If you’ve tried it, you’ll already know that it’s certainly not a program that’s short on advanced features. Now we have version 9 of Samplitude to consider. Available in Classic, Master and Professional editions, it’s the latter - and most expensive - version that we’re looking at here.
Open up the new software’s box and you find a concise, well-written ring-bound manual. There’s also a USB dongle; this is a WIBU CodeMeter Stick copy-protection device, so sadly, there’s no possibility of copying the Samplitude licence to any Syncrosoft or Pace iLok keys that you may have. However, the fact that (unusually) the CodeMeter Stick appears on your system as a disk drive means that you could conceivably plug it into a USB port on a totally different machine, if your computers are networked.
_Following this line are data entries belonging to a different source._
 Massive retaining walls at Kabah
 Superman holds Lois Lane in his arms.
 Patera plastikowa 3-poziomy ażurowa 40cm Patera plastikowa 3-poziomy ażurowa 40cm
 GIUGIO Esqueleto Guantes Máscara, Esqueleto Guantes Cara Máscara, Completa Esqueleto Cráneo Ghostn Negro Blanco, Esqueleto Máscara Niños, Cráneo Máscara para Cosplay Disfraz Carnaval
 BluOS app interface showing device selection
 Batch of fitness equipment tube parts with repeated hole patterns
The complete list of new features is far too extensive to reprint here, so perhaps the best thing to say is that all of the key elements of the software have been improved in one way or another. Perhaps the most significant development is the introduction of the new Hybrid Audio Engine - we won’t bore you with the technical details, but the good news is that this allows Samplitude to run more simultaneous tracks, instruments and effects than ever before.
Then there are the score-editing features. Score editing itself is nothing new, but in contrast to certain other applications, Samplitude 9 Professional can display the music score in the same window and in alignment with your piano roll MIDI editor. This will make life a lot easier for the many people who transcribe sheet music into MIDI data to create their own versions of existing songs.
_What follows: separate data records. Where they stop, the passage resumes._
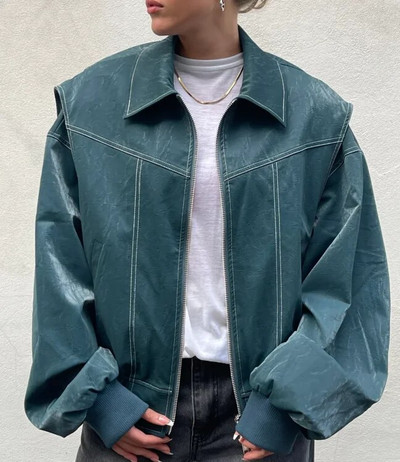 Módne červené dámske šitie PU kožené bundy, elegantné klopové kabáty s dlhým rukávom a zipsom 2023, jesenná dámska bunda s vreckami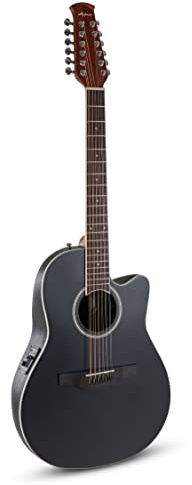 Applause E-Akustikgitarre Traditional AB2412 Mid Cutaway 12-string - Roundback Lyrachord Korpus Mid-Depth - AP3TP Preamp - Decke Fichte - Black Satin - AB2412-5S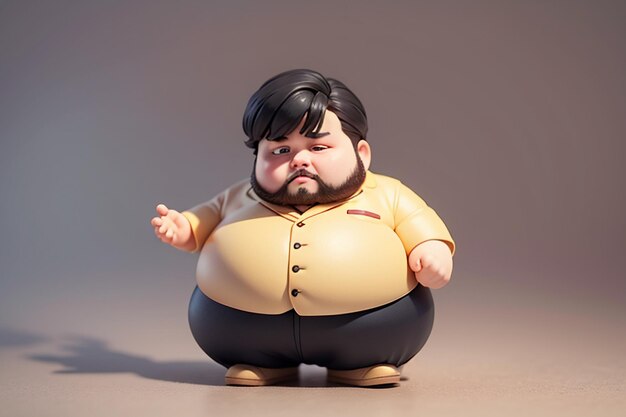 Fat boy cartoon character styling anime style fat wallpaper background model character rendering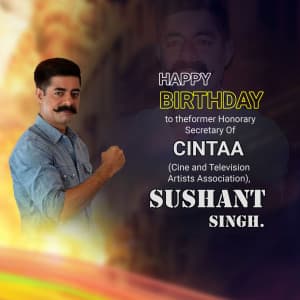 Sushant Singh Birthday marketing flyer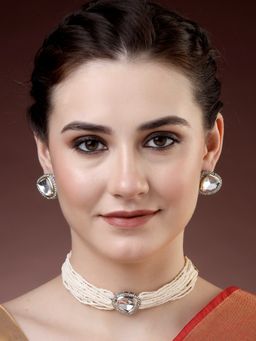 ADIVA - Gold-Plated Kundan Studded Handcrafted Choker Jewellery Set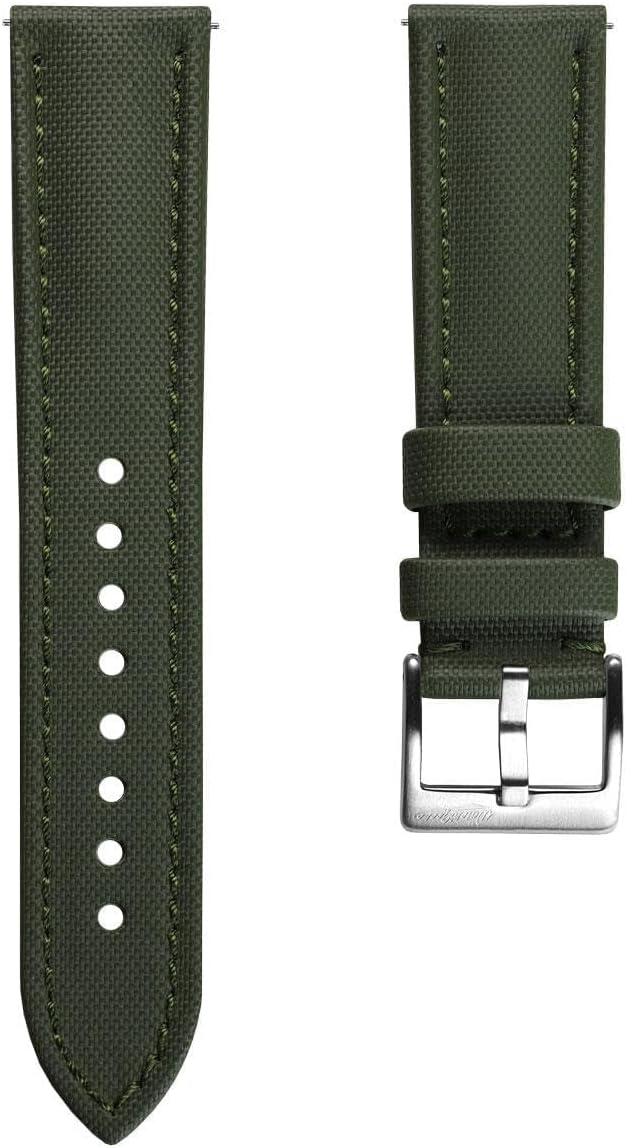 WatchGecko Atlas Sailcloth Waterproof Watch Strap – Quick-Release Spring Bars, Brushed Stainless-Steel Buckle, 18mm, 19mm, 20mm, 21mm, 22mm Sizes, 5 Color Options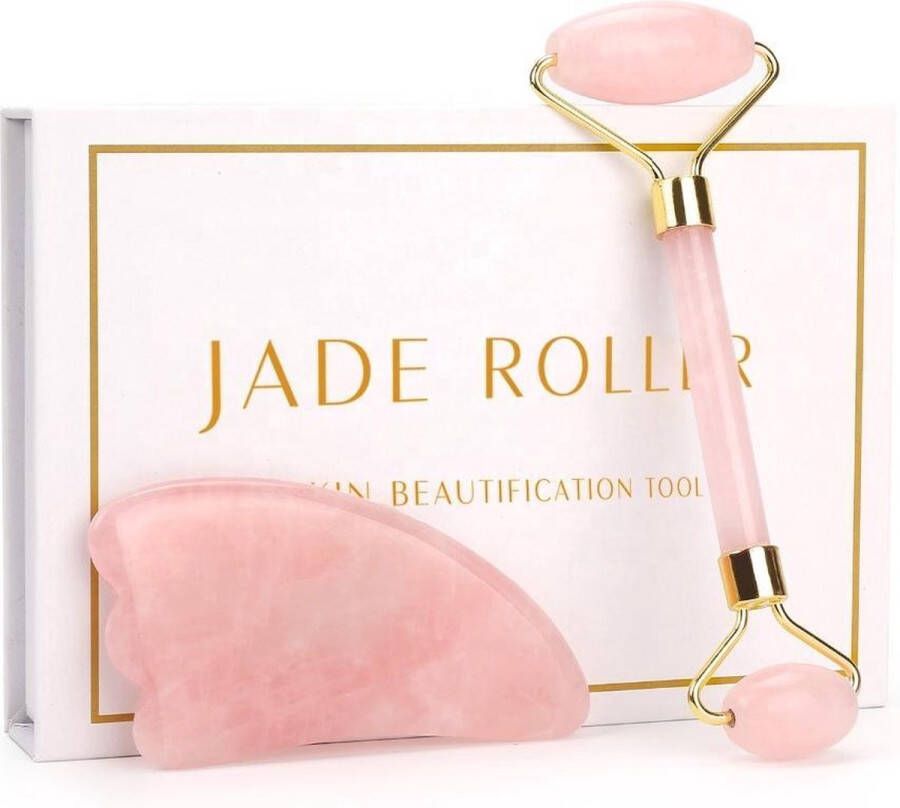 Fancylifestyle Jade Roller + Gua Sha Schraper Gezichtsmassageroller Face Roller Rose Jade Roller Inclusief Luxe Beschermdoos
But what about flashy new toys? Don’t worry - Samplitude 9 Professional doesn’t disappoint here either. As well as the offerings from previous versions, there’s a new valve channel modeller, an advanced convolution reverb, a spectral cleaner, a Loop Station-like composer and a copy of SampleTank 2.1 LE. All of these gizmos work extremely well.
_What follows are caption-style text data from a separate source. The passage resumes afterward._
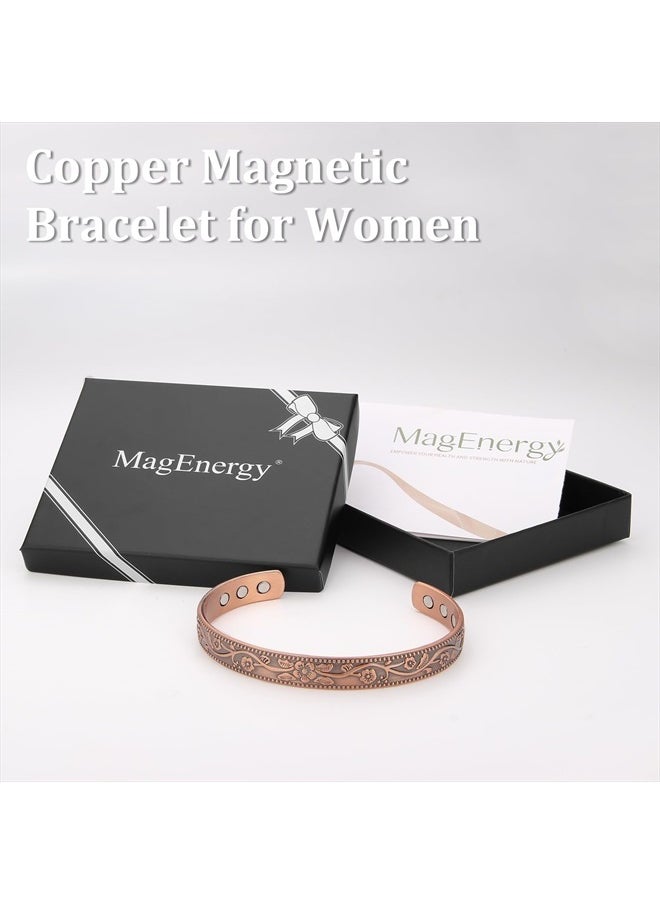 Copper Bracelets for Women, 99.9% Pure Copper Vintage Flower Magnetic Bangle with 3500 Gauss Magnets,6.8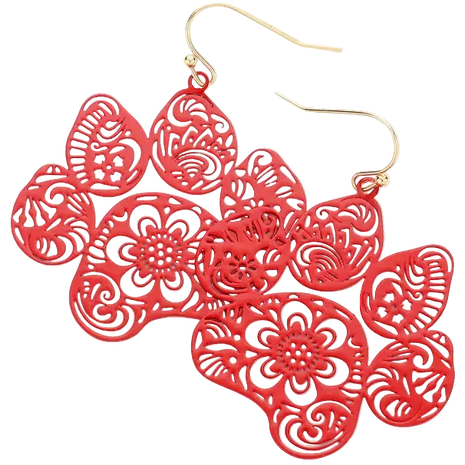 Metal Filigree Dog Paw Earrings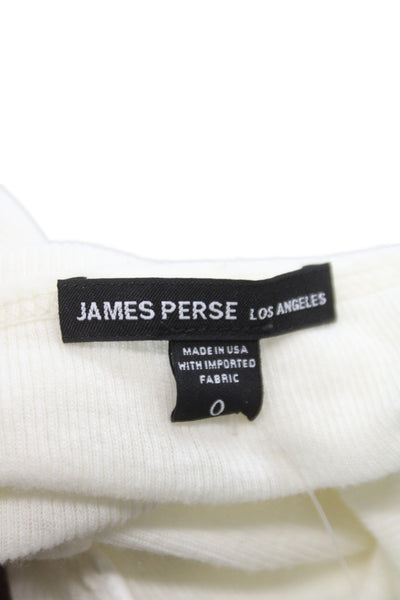 James Perse Womens White Ribbed Knit Scoop Neck Camisole Size 0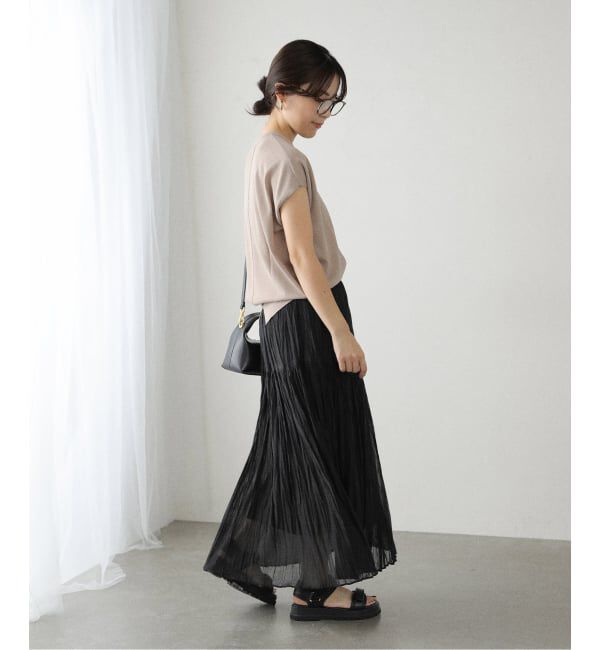  「【洗える】シフォンニットワッシャースカート」|スカート|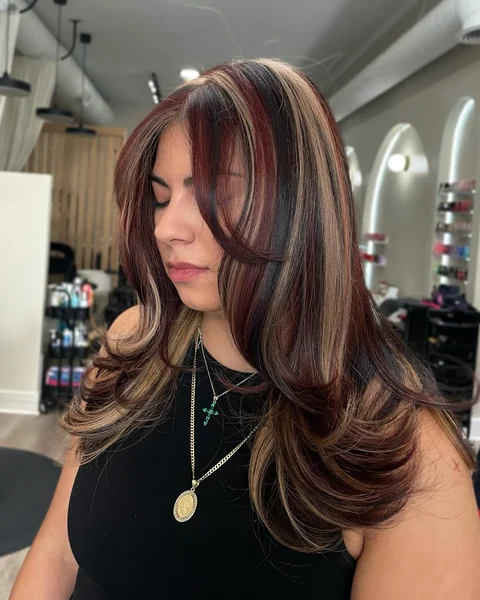 Calico Hair Color on Layered Blowout with Burgundy & Caramel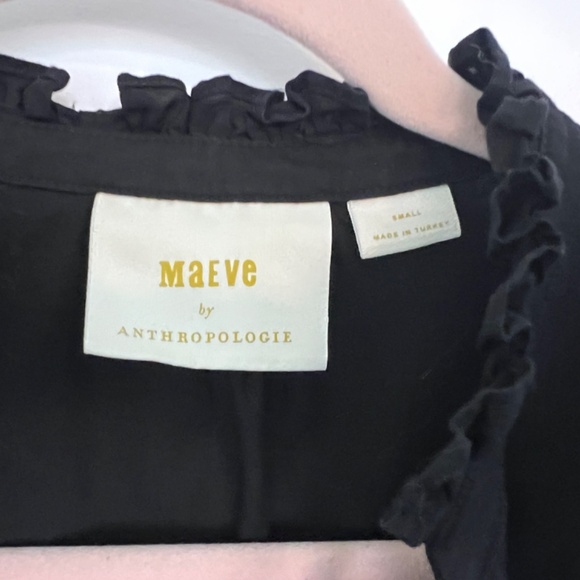 Anthropologie Maeve Poplin Button Down Black Shirt Small - Picture 2 of 7
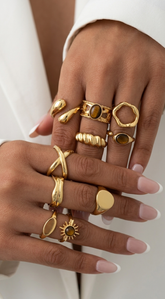 Genevieve Luxe 10 Piece Ring Set - Gold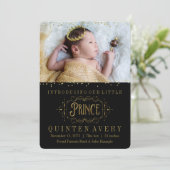Elegante Prince Gold Confetti geboorteaankondiging Aankondiging (Staand voorkant)
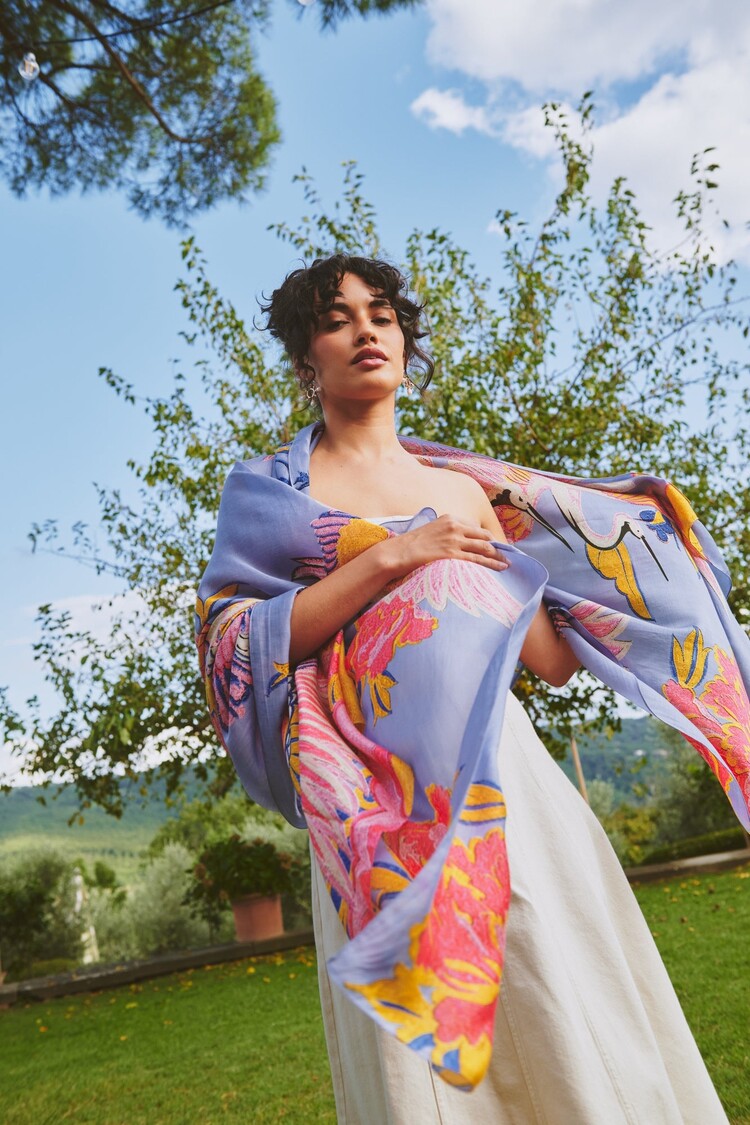 One Hundred Stars Scarf Crane Periwinkle One Hundred Stars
Elsewhere, we’re pleased to be able to report that the improved mixer retains its killer feature: zoomability. Even when screen space is extremely tight, you can zoom the mixer window out to a tiny size and have every single control on it continue to function properly. This still represents one of the most remarkable achievements in user interface design that we’ve ever seen.
One of the more noteworthy things about Samplitude Professional is that the developers have made no attempt to hide its functionality in hard-to-reach places. Instead, all of the menus are jampacked full of features. Although this can sometimes make the program feel a little overwhelming, it does mean that most tools are just a click or two away.
Samplitude 9 is certainly impressive, then, but you do need to bear in mind that - as with any advanced music sequencing package - it’ll take you many, many months to master all of its features. What’s more, you’ll inevitably get stuck from time to time as you try to figure out how to do things.
The good news, though, is that once you’ve learnt the ropes, it’s possible to navigate your way around both your projects and the application itself pretty quickly. And best of all, Samplitude 9 Professional sounds terrific. Magix claim to have spent a great deal of effort on refining their sound-processing algorithms, and we believe them.
So let’s ask the crucial question: how does Samplitude 9 stack up against the competition? If you make your comparison on a feature-by-feature basis, Magix’s software suffers slightly, but this isn’t really the best way to look at things. When you’re evaluating software as complex as this, what you need to consider is whether the feature-set meets your needs in terms of control, workflow, and performance.
If you work mainly with other songwriters when putting tracks together, Samplitude 9 Professional is ideal. As a sound engineer, it gives you all of the tools that you could possibly want. If, on the other hand, it’s you who’s the songwriter and you mainly make music alone, you may well find yourself both swamped and befuddled by the program and feel that its complexity drags you down.
If you’ve never used Samplitude before, it could be a long time before you become fully productive. To be fair, though, this is true of most applications, and its steep learning curve shouldn’t deter you from giving Samplitude 9 Professional a try. It might not be for you, but equally, it could be the alternative DAW you’ve been searching for.